Even provider organization executives are also embracing the shift to virtual care. I’ve been on more than one call this week where executives are already talking about the benefits of getting rid of facilities and reducing office space in a future of all things virtual. However, as services move to virtual platforms, this represents, from a business model perspective, the “outsourcing” of services from traditional delivery systems.
Virtualizing services separates the consumer’s purchase of a service and the clinical professional from the “place of production.” This sounds innocuous but it has significant strategic and marketing implications. A consumer can select from a statewide (or national or international) array of options for on-line clinical services. A service provider organization is competing statewide (or nationally or internationally) for talent. And without place, every service will be priced on a commodity basis (the lowest price for an undifferentiated service) unless the service provider organization can demonstrate—virtually—the superior value proposition of what they have to offer.

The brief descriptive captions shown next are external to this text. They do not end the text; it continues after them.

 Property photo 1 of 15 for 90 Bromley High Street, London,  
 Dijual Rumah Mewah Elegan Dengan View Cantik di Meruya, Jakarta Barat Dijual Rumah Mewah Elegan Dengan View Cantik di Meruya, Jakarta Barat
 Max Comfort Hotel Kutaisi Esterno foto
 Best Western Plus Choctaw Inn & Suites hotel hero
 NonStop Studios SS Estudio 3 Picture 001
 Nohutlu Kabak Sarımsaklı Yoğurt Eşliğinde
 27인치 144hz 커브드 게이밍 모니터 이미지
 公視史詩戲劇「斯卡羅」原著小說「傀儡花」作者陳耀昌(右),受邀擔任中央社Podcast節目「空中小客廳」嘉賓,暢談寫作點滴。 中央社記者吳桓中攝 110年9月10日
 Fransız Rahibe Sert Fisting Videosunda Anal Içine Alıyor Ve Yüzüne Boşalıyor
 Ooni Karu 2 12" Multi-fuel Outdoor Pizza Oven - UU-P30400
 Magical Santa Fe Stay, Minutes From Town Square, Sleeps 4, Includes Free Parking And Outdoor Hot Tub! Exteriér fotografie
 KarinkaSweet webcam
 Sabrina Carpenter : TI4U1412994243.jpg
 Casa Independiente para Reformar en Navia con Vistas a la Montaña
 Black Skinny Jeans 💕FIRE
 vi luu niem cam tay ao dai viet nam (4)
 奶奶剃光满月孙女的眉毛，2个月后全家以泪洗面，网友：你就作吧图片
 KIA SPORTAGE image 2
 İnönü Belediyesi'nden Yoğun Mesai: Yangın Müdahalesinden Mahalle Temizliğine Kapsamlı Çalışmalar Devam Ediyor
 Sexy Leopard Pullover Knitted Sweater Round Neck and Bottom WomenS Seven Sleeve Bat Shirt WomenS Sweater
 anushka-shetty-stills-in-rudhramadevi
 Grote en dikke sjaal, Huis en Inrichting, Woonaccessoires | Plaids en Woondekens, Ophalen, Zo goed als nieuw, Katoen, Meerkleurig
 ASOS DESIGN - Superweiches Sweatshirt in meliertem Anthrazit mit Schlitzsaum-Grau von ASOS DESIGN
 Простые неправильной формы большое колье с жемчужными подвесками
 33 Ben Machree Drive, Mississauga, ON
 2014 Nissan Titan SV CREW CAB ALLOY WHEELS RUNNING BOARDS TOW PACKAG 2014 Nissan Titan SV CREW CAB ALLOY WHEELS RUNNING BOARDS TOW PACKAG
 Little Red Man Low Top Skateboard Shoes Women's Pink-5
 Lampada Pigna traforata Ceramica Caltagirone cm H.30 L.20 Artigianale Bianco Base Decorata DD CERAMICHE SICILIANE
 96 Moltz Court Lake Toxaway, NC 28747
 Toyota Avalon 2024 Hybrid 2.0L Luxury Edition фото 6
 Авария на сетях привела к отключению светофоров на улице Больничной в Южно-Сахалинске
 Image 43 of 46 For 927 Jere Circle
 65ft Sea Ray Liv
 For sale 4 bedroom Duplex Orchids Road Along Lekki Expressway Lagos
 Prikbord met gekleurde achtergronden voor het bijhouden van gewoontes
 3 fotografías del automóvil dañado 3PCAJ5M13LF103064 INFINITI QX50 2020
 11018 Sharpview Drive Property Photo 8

For executives of traditional service provider organizations that have moved their services to virtual, my strategic question is this—when the crisis subsides, what are you going to do to keep your consumers and your payer contracts? Suddenly, both are up for grabs—with three key types of competitors. First, any provider organization in a state (or in the nation, depending on licensing specifics) can offer your consumers and your health plans their services. Hospital systems, physician practices, federally qualified health centers, community mental health centers, and others are going to be offering virtual services outside of traditional geographic service areas. Second, there is a whole host of all-virtual health care delivery systems that have been waiting for the tipping point to happen in telehealth and it has arrived. Talkspace, Ginger, Big Health, Modern Health, Lyra Health, Chess Health, and many more. Lastly, and most significantly, expect the virtualization of health care services to attract out-of-industry competition from the likes of on-line giants like Amazon, Walmart, Google, and Facebook.
How do you keep those consumers and those payer contracts? The answer is readjusting your strategy and your value proposition for the all-virtual post-crisis market. There are fundamental questions that need to be answered in every organization’s post-crisis recovery plan. What is your price point for services? And, more importantly, what are the benefits that you offer in an all-virtual service world? Superior access, better self-service tools, a highly specialized set of clinical stars, a brand name with cache, a hybrid service, or something else? And do you have the push/pull marketing strategy that you need to both get those payer/health plan contracts and generate referrals through your on-line marketing?
I think that the delivery of a large proportion of health services on virtual platforms is going to be the “post-crisis normal.” (And I’m not the only one. I think the pending purchase of AbleTo by Optum says a lot—see Optum Reportedly Finalizing $470M Purchase Of Virtual Behavioral Care Company AbleTo.) But health and human service provider organizations need to anticipate the challenges of a creating a sustainable competitive advantage and business model in this new market. My colleague, Tim Snyder, in his web briefing today, Going ‘Virtual’ For Revenue Generation: Assuring Consumers & Referral Sources Can Find You – An Overview, outlined a framework for virtual marketing in a virtual care world.
After much waiting, the telehealth tipping point has arrived. The landscape will ‘tip’ with it—as must health and human service business models.